The Pink and White joke.

There once was a man, and everything he owned was pink and white. He had a pink and white car, a pink and white house, and a pink and white cat. His violin was pink and white, as was his piano and his skateboard. EVERYTHING he had in his house, even his clothes, were pink and white. One average night, the pink and white man decided to go to bed at his regular time. He went up the pink and white stairs, down the pink and white hall, and into his pink and white bedroom. He took off his pink and white slippers, put on his pink and white nightcap, climbed into his pink and white bed, pulled up the pink and white covers, and turned off the pink and white light. Then he fell asleep.


An hour later, the doorbell rang: "Pink and white! Pink and white!" So the pink and white man turned on the pink and white light, pushed down the pink and white covers, climbed out of his pink and white bed, took off his pink and white nightcap, put on his pink and white slippers, and left his pink and white bedroom. He went up the pink and white hall, down the pink and white stairs, and opened the pink and white front door. Standing outside was a man.
"My car broke down half a mile down the road, and the tow truck can't come until eight tomorrow morning," the man said. "Can I stay here for the night?"

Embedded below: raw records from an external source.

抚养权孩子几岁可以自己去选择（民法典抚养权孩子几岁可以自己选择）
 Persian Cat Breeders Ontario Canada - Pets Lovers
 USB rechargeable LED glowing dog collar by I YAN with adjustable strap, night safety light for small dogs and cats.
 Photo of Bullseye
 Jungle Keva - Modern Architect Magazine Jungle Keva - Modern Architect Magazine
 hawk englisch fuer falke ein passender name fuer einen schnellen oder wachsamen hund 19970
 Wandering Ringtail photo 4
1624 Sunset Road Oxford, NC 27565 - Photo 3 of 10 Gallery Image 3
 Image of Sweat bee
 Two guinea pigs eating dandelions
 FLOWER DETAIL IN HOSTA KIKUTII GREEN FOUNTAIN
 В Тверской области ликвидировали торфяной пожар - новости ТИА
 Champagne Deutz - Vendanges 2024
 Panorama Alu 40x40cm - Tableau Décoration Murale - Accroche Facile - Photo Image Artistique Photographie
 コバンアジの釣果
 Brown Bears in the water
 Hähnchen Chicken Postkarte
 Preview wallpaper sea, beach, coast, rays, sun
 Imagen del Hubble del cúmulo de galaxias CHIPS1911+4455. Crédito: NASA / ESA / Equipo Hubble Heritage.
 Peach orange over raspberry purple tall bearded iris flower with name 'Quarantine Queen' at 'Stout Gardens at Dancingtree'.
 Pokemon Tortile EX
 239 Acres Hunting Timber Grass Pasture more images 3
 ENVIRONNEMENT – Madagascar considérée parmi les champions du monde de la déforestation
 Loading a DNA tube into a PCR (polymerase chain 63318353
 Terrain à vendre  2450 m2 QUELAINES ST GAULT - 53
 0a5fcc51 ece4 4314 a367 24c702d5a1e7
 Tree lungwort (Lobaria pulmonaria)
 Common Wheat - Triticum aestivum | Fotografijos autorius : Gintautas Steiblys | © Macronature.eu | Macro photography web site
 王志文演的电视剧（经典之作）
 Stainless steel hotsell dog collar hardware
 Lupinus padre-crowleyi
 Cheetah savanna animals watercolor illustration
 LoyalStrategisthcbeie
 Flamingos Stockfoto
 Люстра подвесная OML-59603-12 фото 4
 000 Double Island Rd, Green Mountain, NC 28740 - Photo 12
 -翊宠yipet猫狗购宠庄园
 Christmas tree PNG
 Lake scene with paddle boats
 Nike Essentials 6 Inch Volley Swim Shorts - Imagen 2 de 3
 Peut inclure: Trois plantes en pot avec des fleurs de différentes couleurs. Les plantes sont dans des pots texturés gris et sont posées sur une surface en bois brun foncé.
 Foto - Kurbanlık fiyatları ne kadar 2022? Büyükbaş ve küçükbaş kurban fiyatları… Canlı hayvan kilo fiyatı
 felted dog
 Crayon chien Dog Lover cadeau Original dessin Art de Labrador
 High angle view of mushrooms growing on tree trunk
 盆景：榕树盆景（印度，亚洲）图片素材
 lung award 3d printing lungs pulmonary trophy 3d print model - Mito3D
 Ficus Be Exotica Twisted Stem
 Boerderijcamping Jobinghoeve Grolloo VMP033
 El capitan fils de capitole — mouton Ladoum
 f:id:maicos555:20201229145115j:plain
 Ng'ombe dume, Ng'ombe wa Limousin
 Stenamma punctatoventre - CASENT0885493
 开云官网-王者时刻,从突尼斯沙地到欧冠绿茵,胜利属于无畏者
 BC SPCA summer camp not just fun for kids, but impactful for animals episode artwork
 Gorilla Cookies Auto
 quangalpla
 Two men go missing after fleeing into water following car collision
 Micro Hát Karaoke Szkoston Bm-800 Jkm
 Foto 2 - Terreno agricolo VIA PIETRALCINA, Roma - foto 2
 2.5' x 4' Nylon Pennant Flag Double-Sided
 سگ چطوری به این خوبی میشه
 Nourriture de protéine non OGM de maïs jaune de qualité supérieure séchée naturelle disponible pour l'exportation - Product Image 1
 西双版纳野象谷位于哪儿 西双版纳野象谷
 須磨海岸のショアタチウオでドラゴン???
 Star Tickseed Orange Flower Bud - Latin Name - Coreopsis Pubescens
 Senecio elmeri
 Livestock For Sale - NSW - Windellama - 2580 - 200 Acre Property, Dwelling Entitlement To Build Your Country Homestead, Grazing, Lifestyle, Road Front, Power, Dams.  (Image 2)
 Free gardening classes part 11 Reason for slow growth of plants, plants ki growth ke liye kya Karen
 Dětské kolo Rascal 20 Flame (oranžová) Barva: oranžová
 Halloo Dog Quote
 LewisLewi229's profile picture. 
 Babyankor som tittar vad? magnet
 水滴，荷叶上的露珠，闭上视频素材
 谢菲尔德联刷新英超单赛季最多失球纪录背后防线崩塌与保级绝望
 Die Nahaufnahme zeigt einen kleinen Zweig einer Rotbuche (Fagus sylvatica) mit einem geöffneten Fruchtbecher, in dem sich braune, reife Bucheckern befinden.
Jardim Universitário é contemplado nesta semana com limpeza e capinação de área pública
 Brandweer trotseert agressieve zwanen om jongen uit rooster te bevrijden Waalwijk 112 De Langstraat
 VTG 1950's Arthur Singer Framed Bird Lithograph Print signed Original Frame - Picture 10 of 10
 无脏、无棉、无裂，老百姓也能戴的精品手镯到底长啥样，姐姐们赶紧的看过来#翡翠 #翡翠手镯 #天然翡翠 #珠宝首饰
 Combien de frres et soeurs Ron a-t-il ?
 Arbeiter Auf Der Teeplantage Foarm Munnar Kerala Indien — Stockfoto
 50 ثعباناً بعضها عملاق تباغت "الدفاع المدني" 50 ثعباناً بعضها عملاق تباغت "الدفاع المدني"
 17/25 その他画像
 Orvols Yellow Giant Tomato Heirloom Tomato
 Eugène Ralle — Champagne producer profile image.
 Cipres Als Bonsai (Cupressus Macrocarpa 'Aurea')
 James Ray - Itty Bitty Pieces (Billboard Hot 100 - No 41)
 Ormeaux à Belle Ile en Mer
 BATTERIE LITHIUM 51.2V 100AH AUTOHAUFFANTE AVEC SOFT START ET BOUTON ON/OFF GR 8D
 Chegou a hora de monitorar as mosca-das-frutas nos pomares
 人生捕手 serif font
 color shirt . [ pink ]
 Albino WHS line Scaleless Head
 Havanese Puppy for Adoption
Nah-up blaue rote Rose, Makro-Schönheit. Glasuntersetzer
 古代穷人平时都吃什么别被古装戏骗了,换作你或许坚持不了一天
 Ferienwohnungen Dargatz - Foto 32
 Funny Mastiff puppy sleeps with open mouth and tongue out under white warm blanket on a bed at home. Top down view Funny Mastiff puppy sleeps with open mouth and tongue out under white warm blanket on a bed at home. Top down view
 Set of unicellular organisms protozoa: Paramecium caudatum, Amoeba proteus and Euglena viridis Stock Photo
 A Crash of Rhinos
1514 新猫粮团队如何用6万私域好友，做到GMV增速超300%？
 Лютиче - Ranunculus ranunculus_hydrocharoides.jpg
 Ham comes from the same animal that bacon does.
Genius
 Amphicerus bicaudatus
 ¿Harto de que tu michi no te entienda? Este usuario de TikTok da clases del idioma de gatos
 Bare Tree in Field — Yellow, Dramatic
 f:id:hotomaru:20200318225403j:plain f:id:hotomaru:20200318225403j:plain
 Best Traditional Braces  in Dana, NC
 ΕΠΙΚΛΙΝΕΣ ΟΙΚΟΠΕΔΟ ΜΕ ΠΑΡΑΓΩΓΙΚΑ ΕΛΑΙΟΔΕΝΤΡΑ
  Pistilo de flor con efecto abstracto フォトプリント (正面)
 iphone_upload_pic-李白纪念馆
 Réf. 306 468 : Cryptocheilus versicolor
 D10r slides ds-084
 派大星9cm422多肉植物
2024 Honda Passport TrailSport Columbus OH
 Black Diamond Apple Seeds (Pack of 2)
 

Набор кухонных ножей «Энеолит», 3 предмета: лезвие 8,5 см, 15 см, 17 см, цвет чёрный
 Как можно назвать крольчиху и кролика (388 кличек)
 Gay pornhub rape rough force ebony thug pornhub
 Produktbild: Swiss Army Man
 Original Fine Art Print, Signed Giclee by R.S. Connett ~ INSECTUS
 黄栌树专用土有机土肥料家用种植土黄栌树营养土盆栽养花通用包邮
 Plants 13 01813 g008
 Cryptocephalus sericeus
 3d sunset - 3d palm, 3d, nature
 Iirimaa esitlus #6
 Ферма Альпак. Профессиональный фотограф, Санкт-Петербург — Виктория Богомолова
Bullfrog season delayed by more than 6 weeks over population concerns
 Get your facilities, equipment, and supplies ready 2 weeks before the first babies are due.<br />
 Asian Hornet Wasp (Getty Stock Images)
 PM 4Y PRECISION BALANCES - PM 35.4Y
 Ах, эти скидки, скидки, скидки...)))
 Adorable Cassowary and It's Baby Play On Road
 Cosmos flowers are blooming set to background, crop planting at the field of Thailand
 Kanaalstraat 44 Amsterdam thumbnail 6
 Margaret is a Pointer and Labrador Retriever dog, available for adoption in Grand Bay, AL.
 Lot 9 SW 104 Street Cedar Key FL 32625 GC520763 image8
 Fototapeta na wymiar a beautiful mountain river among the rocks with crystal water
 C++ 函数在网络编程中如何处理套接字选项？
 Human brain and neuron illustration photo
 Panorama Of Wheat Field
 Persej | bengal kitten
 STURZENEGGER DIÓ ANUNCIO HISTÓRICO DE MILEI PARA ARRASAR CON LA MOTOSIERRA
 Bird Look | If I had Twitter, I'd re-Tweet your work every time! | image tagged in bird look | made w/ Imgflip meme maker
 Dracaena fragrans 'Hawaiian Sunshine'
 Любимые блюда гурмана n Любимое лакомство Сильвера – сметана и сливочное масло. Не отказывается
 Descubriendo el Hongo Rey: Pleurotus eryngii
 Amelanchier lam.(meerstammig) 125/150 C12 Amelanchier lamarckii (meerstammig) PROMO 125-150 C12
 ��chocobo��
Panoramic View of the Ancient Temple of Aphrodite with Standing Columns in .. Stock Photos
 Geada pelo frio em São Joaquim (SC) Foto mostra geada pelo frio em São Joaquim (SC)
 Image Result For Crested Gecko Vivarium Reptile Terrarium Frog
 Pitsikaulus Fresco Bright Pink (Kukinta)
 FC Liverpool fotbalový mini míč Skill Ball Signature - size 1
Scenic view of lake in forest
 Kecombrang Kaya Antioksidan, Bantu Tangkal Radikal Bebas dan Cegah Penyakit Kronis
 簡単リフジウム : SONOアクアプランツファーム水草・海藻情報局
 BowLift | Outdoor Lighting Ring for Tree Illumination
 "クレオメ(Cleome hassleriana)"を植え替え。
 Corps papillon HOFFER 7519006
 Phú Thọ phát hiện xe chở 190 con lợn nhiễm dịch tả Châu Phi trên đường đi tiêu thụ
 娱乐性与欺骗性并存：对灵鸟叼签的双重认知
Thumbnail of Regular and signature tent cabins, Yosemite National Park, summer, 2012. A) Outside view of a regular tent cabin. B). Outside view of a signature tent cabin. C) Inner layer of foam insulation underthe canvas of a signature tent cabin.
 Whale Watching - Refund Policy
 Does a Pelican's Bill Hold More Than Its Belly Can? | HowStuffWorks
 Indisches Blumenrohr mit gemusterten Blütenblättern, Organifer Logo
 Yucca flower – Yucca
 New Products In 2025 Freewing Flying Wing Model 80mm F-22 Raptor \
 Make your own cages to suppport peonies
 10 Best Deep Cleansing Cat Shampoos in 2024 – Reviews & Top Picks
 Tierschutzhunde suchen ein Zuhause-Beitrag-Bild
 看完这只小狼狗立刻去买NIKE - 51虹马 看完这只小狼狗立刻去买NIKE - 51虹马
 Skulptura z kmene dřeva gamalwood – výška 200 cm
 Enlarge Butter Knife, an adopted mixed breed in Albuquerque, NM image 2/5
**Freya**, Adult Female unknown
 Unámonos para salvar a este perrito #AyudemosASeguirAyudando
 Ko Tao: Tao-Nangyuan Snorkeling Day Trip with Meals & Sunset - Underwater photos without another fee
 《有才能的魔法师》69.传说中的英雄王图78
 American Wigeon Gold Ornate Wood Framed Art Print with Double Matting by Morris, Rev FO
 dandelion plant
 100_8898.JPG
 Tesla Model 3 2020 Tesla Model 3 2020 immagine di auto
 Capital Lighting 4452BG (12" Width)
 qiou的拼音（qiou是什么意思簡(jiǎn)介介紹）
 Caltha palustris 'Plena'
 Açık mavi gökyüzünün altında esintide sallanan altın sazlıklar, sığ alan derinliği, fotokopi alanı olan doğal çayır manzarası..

"Sure," said the pink and white man, "but you have to wear pink and white, and you have to sleep in the first bedroom on the left down that hallway."


"Okay," the man agreed.


So the man came in to spend the night, and the pink and white man closed the pink and white door, went up the pink and white stairs, down the pink and white hall, and into his pink and white bedroom. He took off his pink and white slippers, put on his pink and white nightcap, climbed into his pink and white bed, pulled up the pink and white covers, and turned off the pink and white light. Then he fell asleep.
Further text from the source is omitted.